Source data:

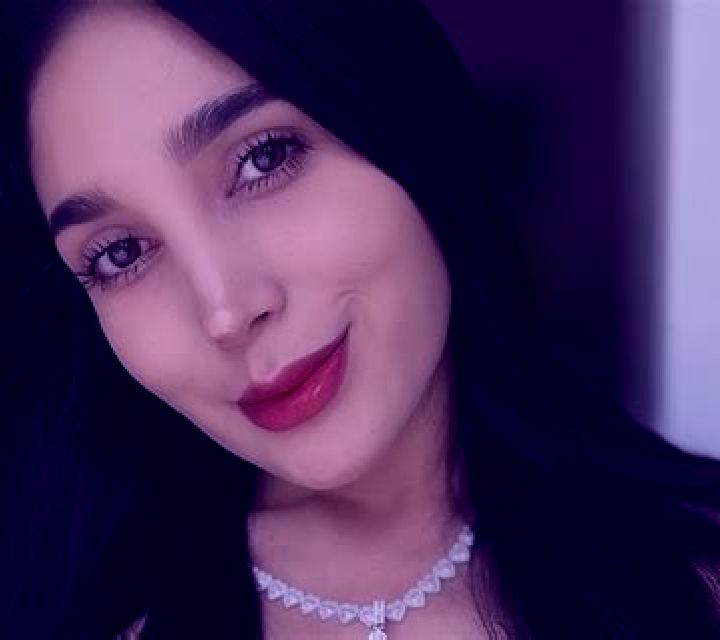 Irene 3 Berlangas de Roa escort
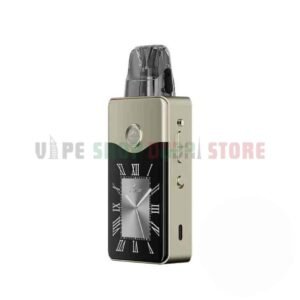 VOOPOO-VINCI-E120-Vape-Kit-120w-In-Dubai-CHAMPAGNE-GOLDEN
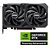 Placa De Vídeo MSI Shadow Geforce Rtx 5060 8Gb Gddr7 128Bits - Imagem 3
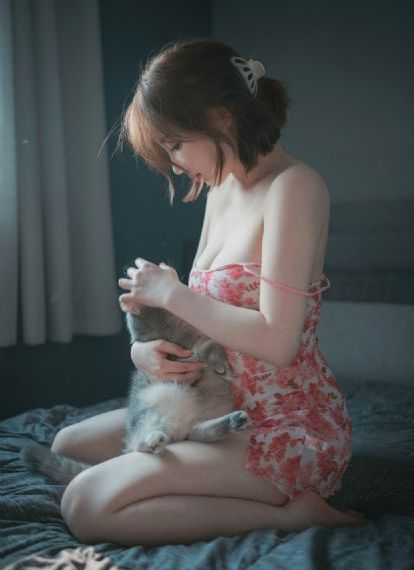 玉女心经 在线观看_BD韩语免费电视剧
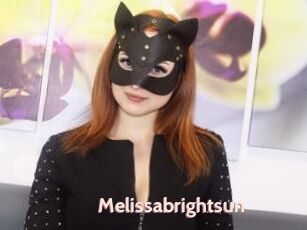 Melissabrightsun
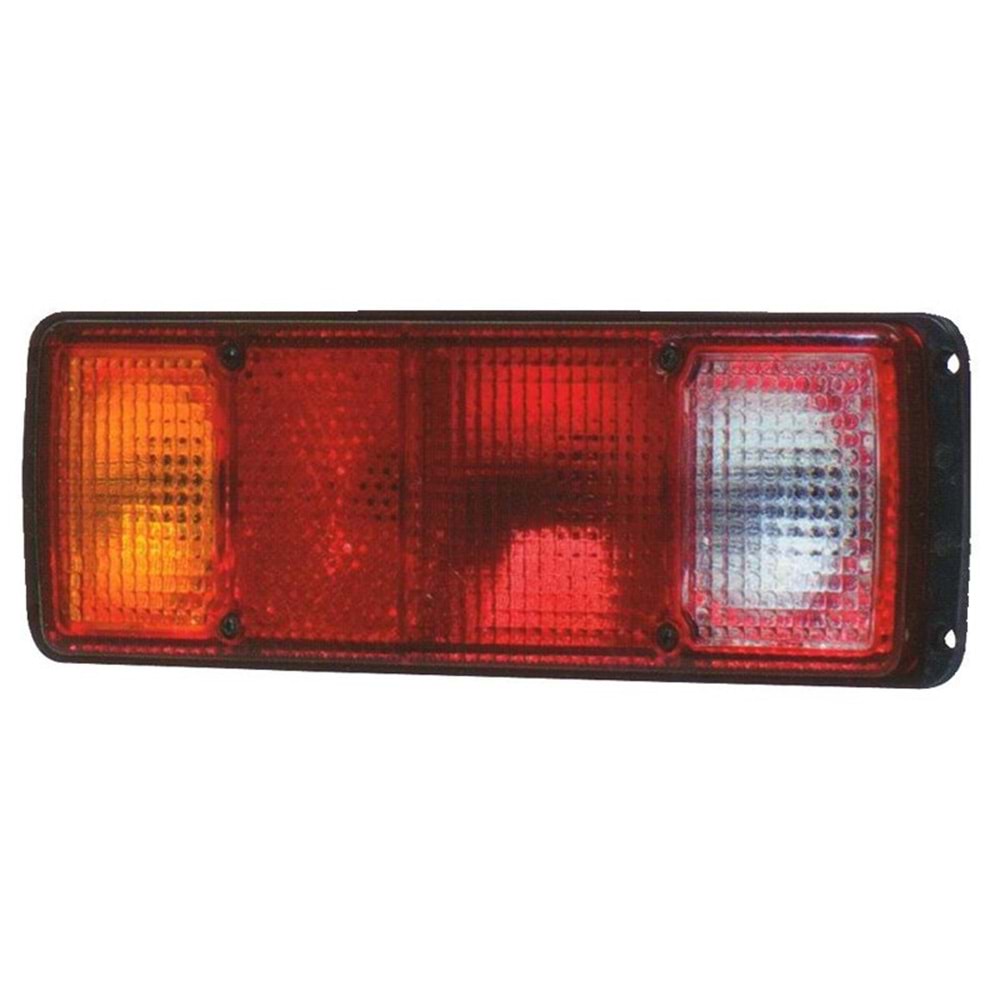 STOP LAMBA CAMI DODGE AS-250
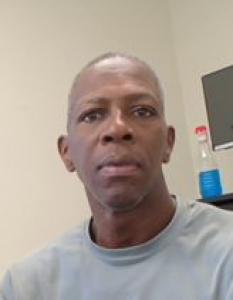 Marion Lionel Malone a registered Sexual Offender or Predator of Florida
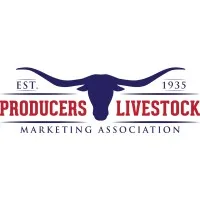 Producers Livestock Marketing Association
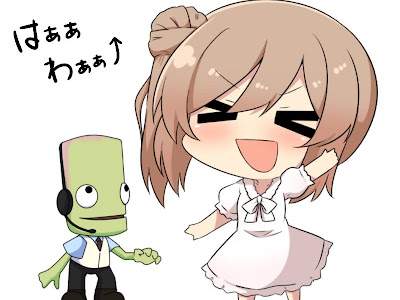 [コンプリート！] たい た 212868-タイタニック号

The problem: Reproduce every entry word for word, but omit the pictures.

Your response:
 Irene 3 Berlangas de Roa escort
 VOOPOO-VINCI-E120-Vape-Kit-120w-In-Dubai-CHAMPAGNE-GOLDEN
 Placa De Vídeo MSI Shadow Geforce Rtx 5060 8Gb Gddr7 128Bits - Imagem 3
 玉女心经 在线观看_BD韩语免费电视剧
 Melissabrightsun
 STOP LAMBA CAMI DODGE AS-250
 Marion Lionel Malone a registered Sexual Offender or Predator of Florida
 Producers Livestock Marketing Association
 [コンプリート！] たい た 212868-タイタニック号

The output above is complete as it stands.